Empirical artifacts from the **projective-axis** discovery in trained
sphere-solver batteries (geolip-svae lineage, 2026-04-24 session).

---

## TL;DR

Every trained sphere-solver tested produces an M tensor whose rows,
when antipodal pairs are collapsed, form a uniformly-distributed
codebook on **ℝP^(D-1)**. The "32 points on a sphere" reading is a
mislabel. The trained geometry is projective.

Verified across **19 trained models** spanning D=3, D=4, D=5.

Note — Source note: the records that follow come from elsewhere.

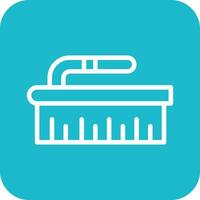 Cleaning Brush Vector Icon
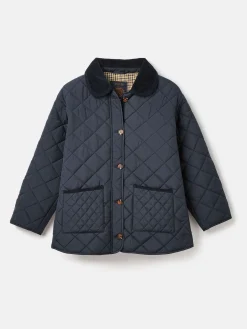 Kids' Mayberry Navy Blue Quilted Jacket<Joules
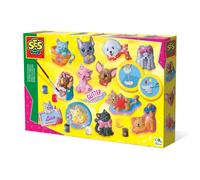 Ses - 01154 - Kit De Loisirs Créatifs - Moulage En Plâtre Chiens Et Chats Unique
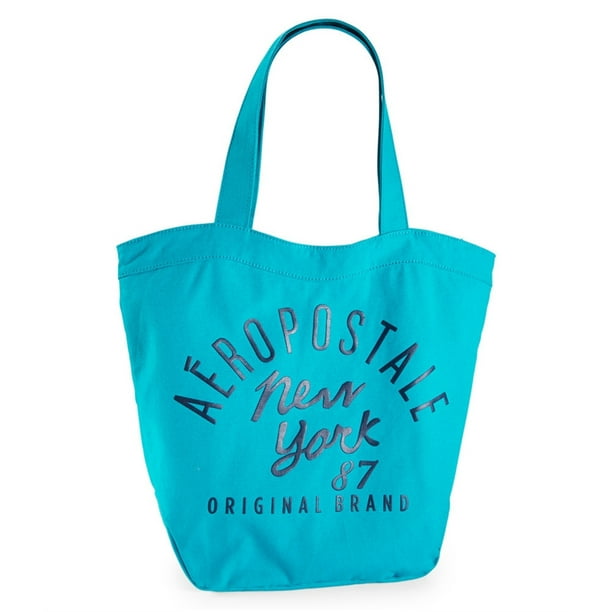Aeropostale New York Tote Bolso de mano para mujer verde pequeno 17 in. 22 in. Aeropostale Totalizador
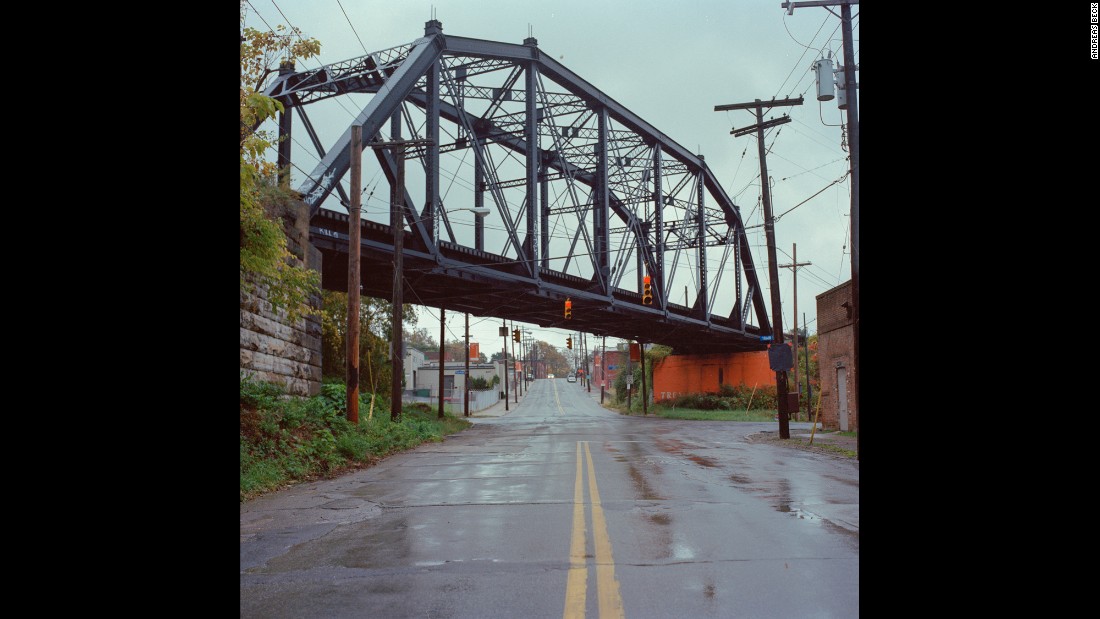 A bridge in Cleveland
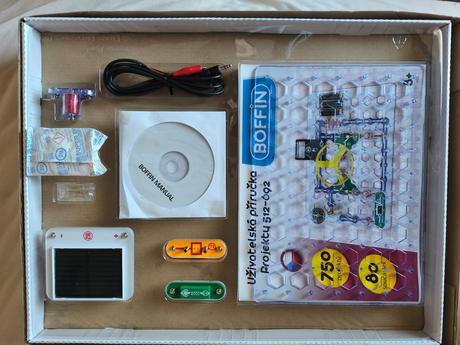 Elektronická stavebnica boffin 750, 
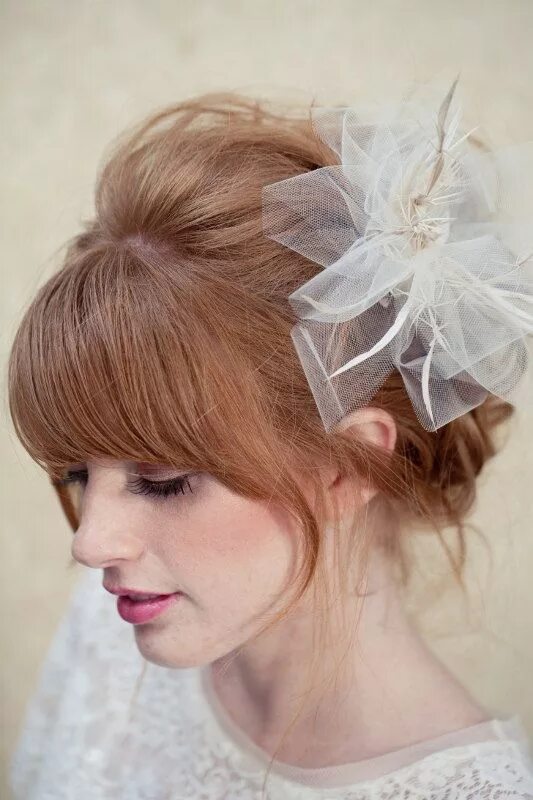 Прическа с бантом на короткие волосы This item is unavailable Etsy in 2023 Short wedding hair, Cute ponytail hairstyl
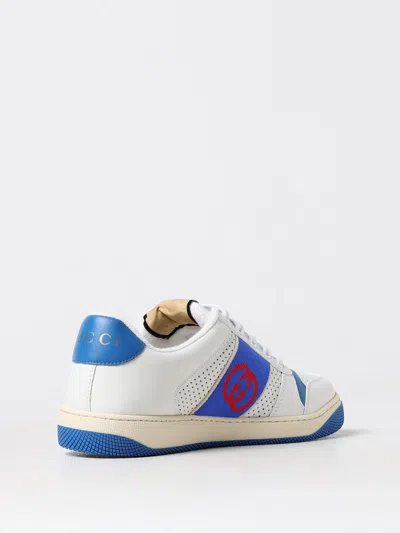 Gucci Men's Screener Sneakers In White
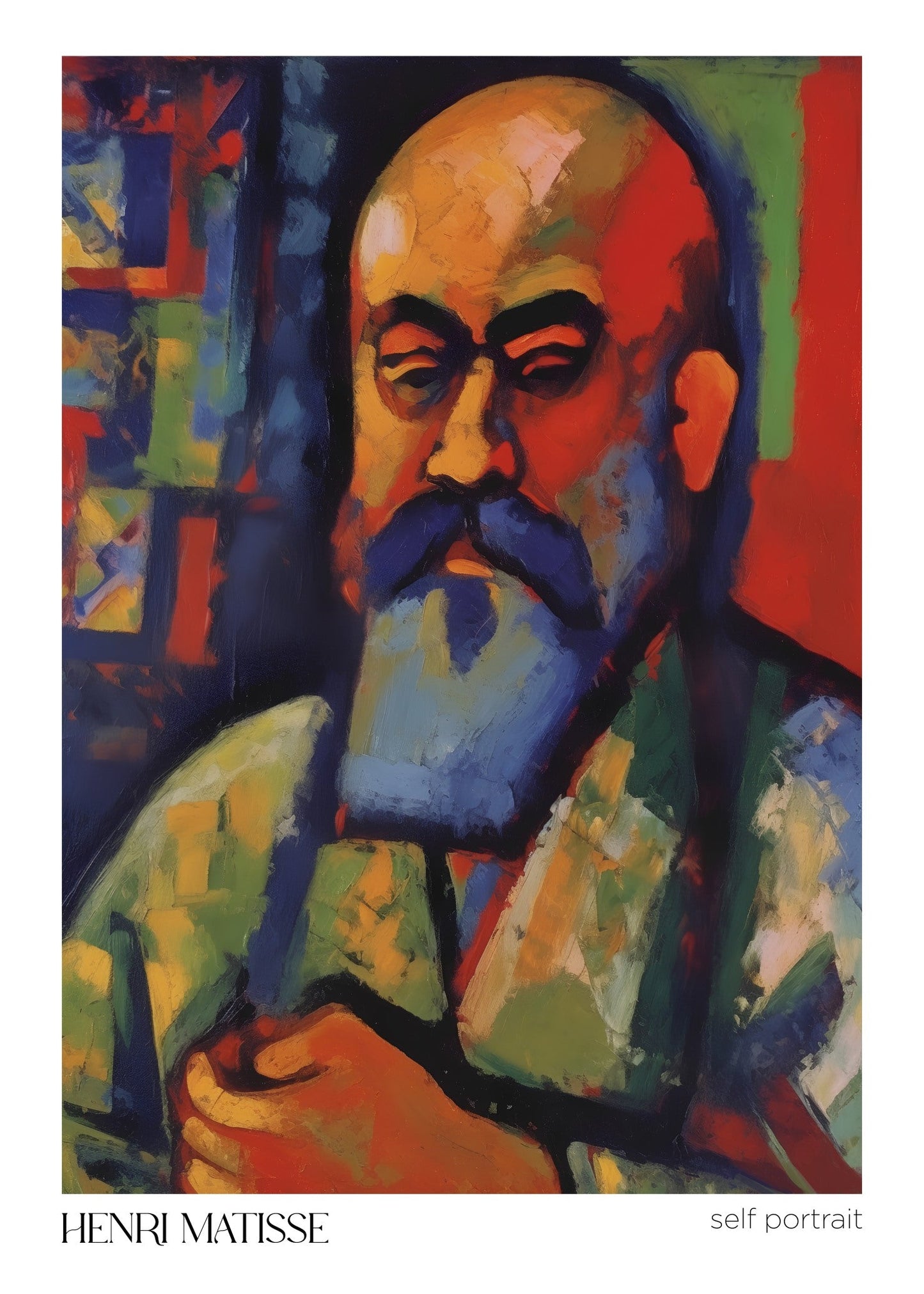 Inspired by Matisse – Self Portrait Poster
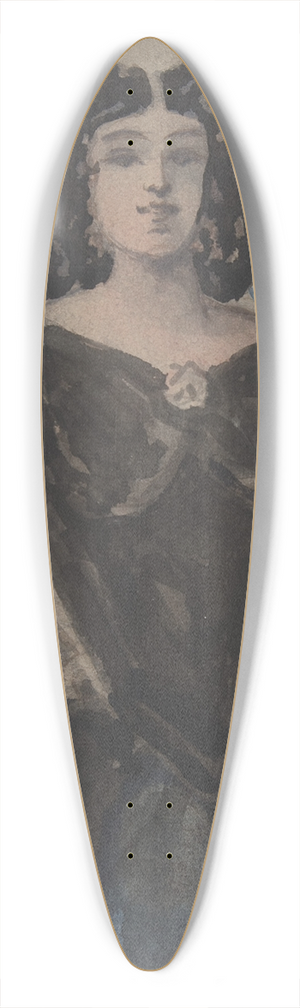 Constantin Guys - Portrait of a Lady 39.3 inch art pintail longboard deck Constantin Guys - Portrait of a Lady 39.3 inch art pintail longboard deck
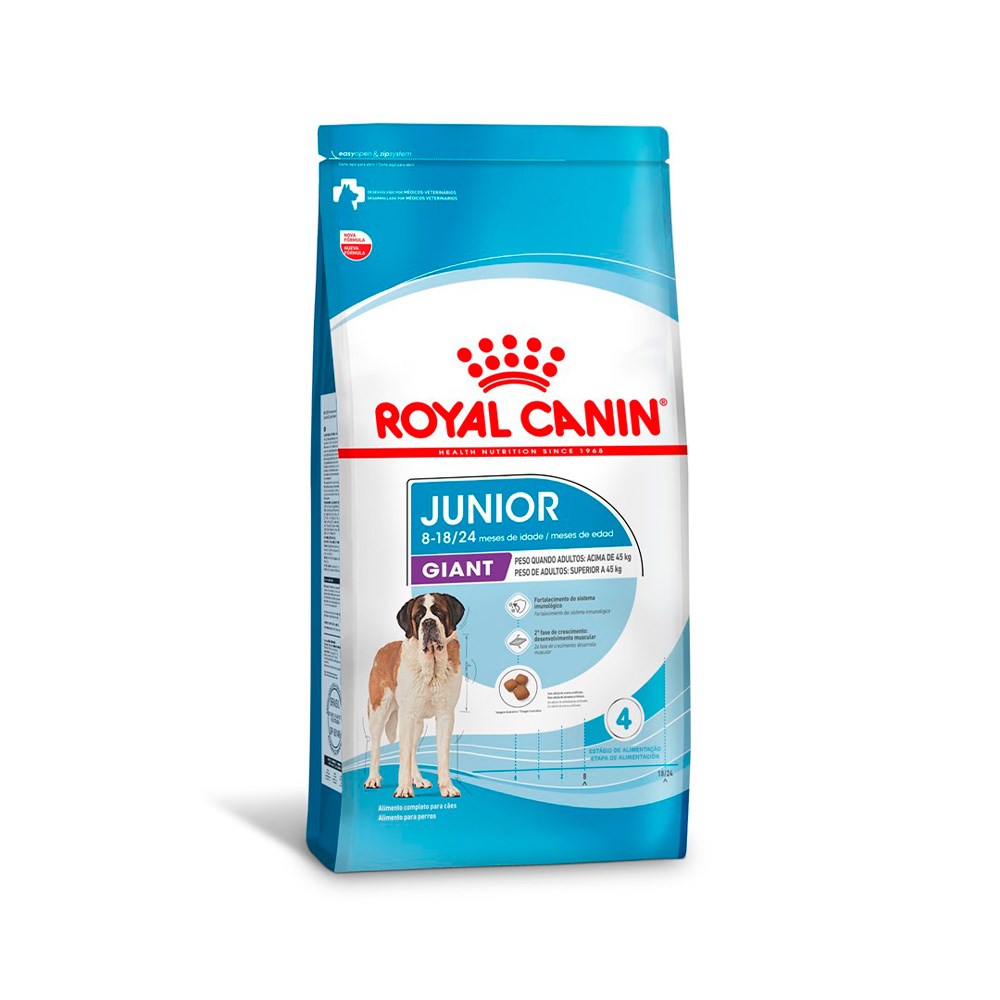 Ração Seca Royal Canin Giant Puppy para Cães Gigantes Filhotes de 8 a 18/24 Meses de Idade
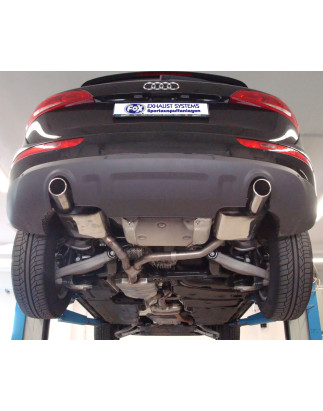 Audi Q5 – 2,0l Silenziatore posteriore destra e sinistra – 1x90 Tipo 16 con uscite destra e sini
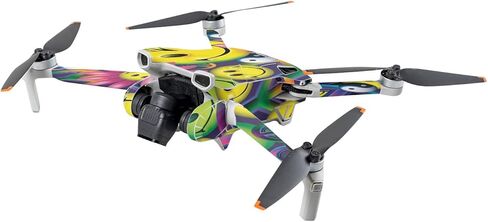 MightySkins Skin Compatible with DJI Mini 3 - Peace Smile | Protective, Durable, and Unique Vinyl Decal wrap Cover | Easy to Apply | Made in The USA in Saudi Arabia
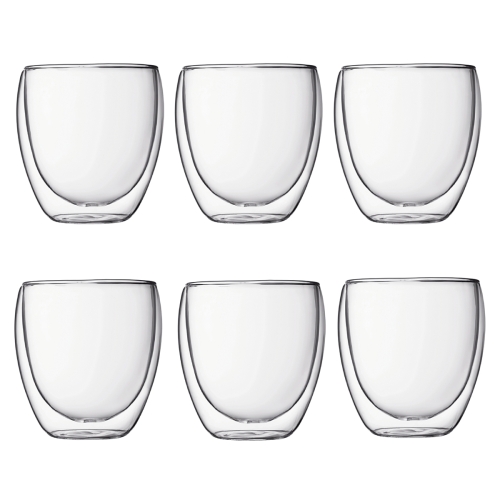 Bodum szklanki z podwójną ścianką 6 szt. Pavina 0.25 l Transparent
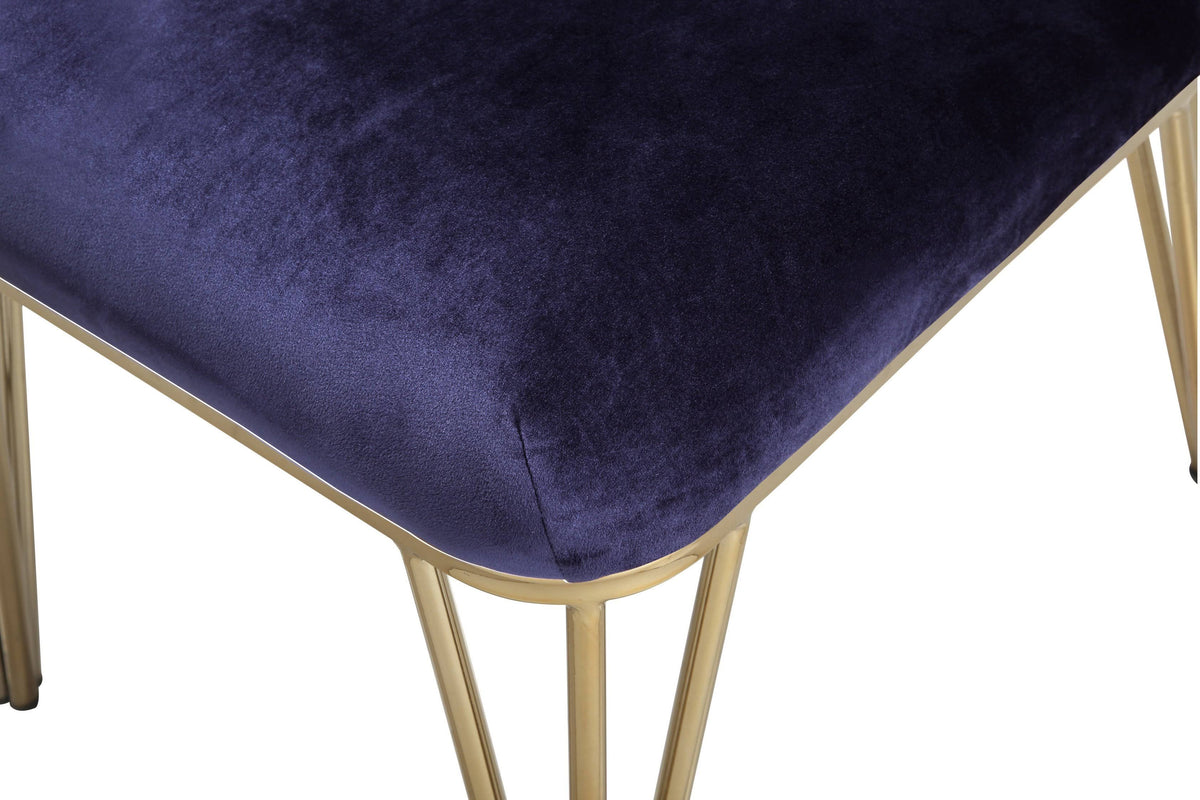 Navy Velvet Tufted Dining Chair Set of 2 P835153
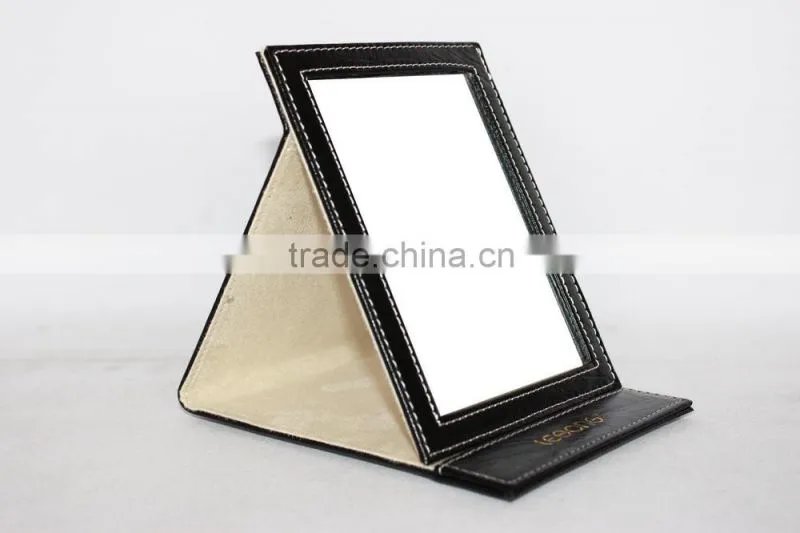 High Quality leather Standing Up Cosmetic Mirror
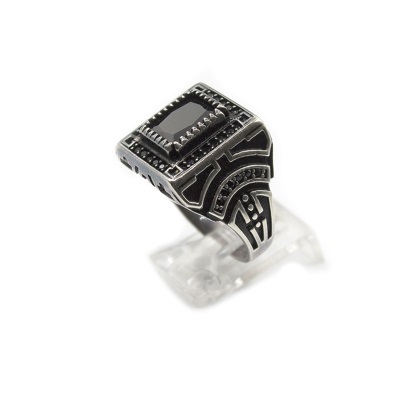 Turkish Ring Black Onyx 925 Sterling Silver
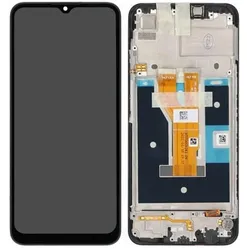 realme LCD + Touch + Frame für RMX3231 C11 (2021) - cool grey, Weiteres Smartphone Zubehör, Grau
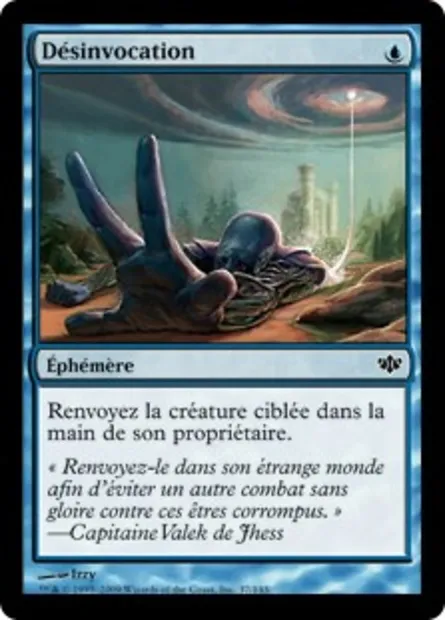 Désinvocation, carte Magic CON 37 — extension Conflux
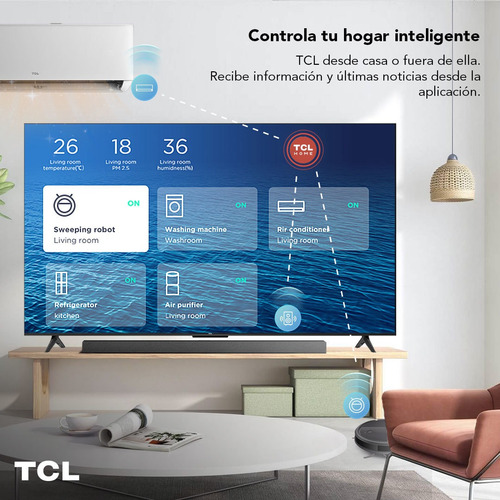 Imagen 4 de 12 de Led 43 Tcl 43p635 4k Hdr Smart Tv Google Tv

This means the "polygonal omega" we were searching for already exists
as the projective reader applied to sphere-trained M. We don't need a
new normalizer or architecture. The trained sphere-solver IS the
polygonal codebook; we just read it through antipodal-collapse.

---

## The data

### Cross-D pattern at V=32

| D | Pairs collapsed | Axes | Deviation from uniform ℝP^(D-1) | Effective rank |
|---|-----------------|------|----------------------------------|----------------|
| 3 | 10 (62.5%)      | 22   | -0.004                           | 2.96 / 3 (99%) |
| 4 |  6 (37.5%)      | 26   | +0.002                           | 3.96 / 4 (99%) |
| 5 |  3 (18.7%)      | 29   | +0.016                           | 4.94 / 5 (99%) |

Pair-fraction halves with each D step. Axis count climbs toward V=32.
Deviation stays within ±0.05 of uniform projective baseline at every D.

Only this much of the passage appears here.